▸ **Supplied material**:
BEGIN

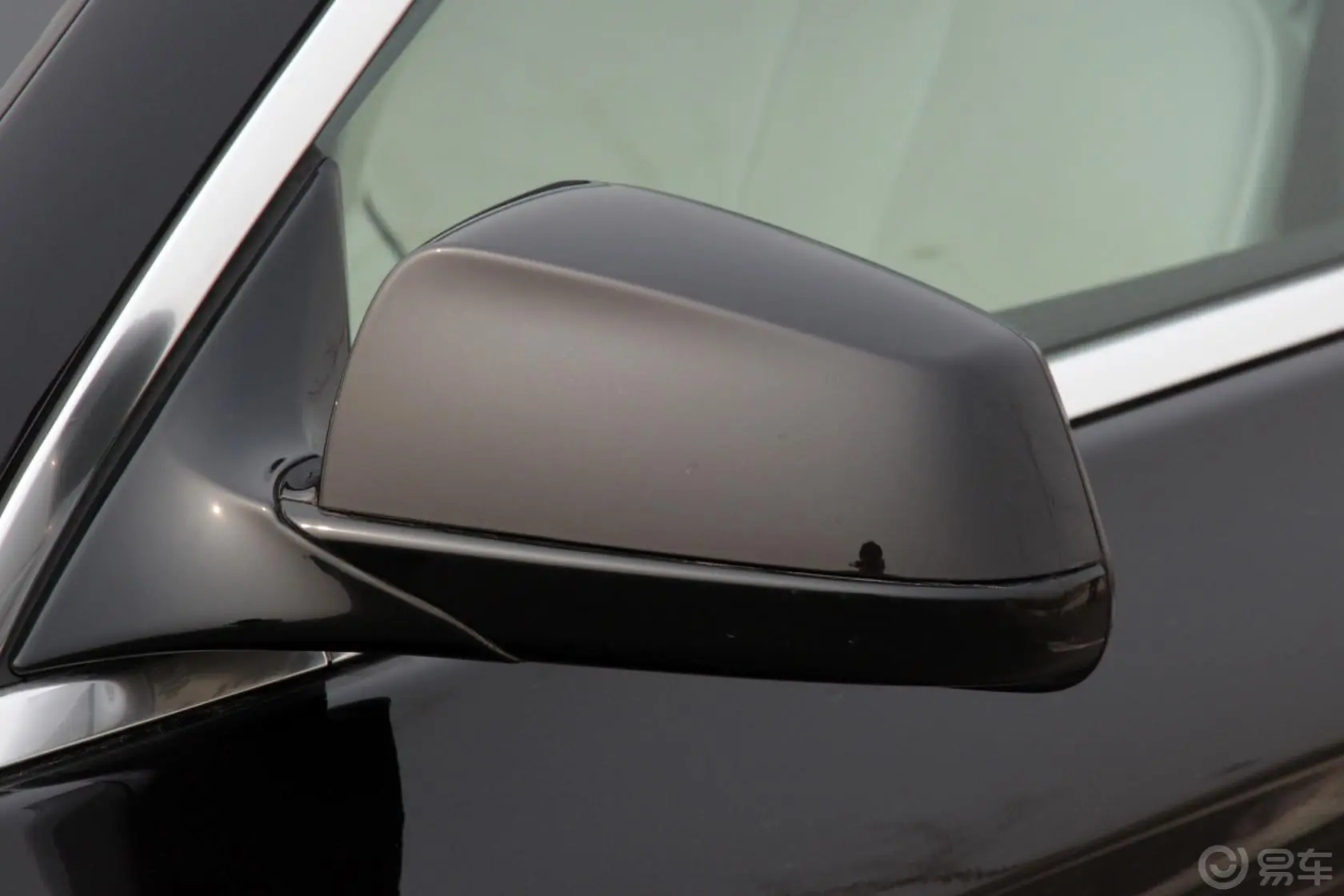 宝马6系650i xDrive Gran Coupe后视镜转向灯（前）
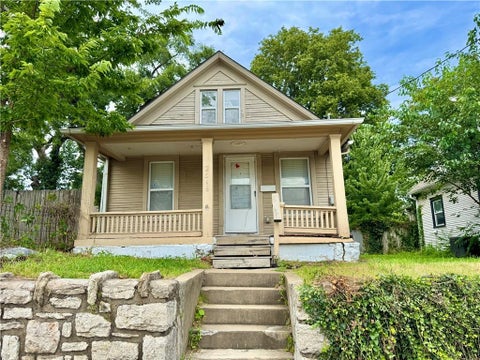 Photo of 2516 W 43RD Avenue, Kansas City, KS 66103 (MLS # 2636827)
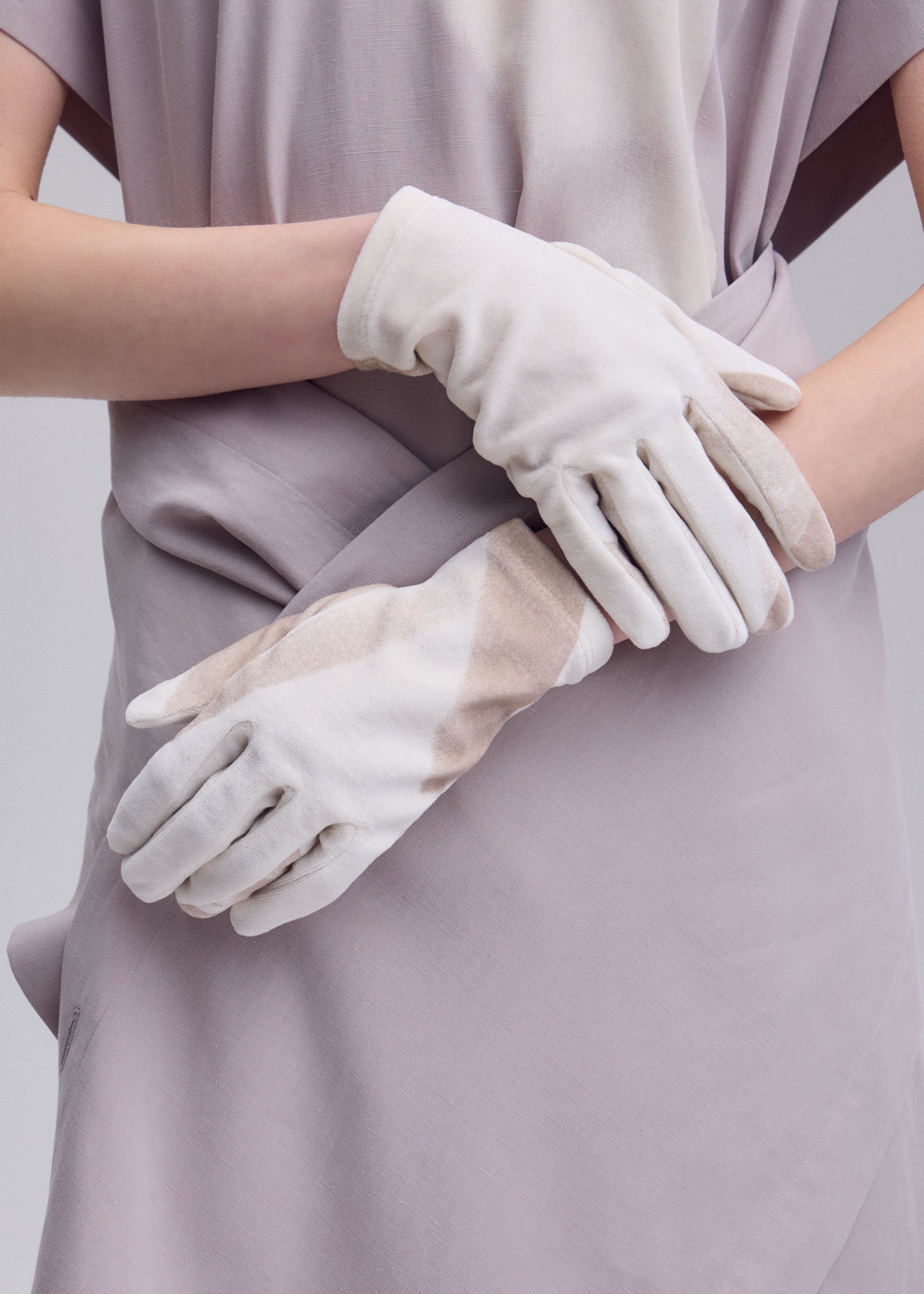 Issey Miyake Hands of Lover rukavice černé velurové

END

▸ **Exercise instructions**:
Print out the whole of the material word for word, without pictures.

▸ **Exercise result**:
 宝马6系650i xDrive Gran Coupe后视镜转向灯（前）
 Photo of 2516 W 43RD Avenue, Kansas City, KS 66103 (MLS # 2636827)
 Issey Miyake Hands of Lover rukavice černé velurové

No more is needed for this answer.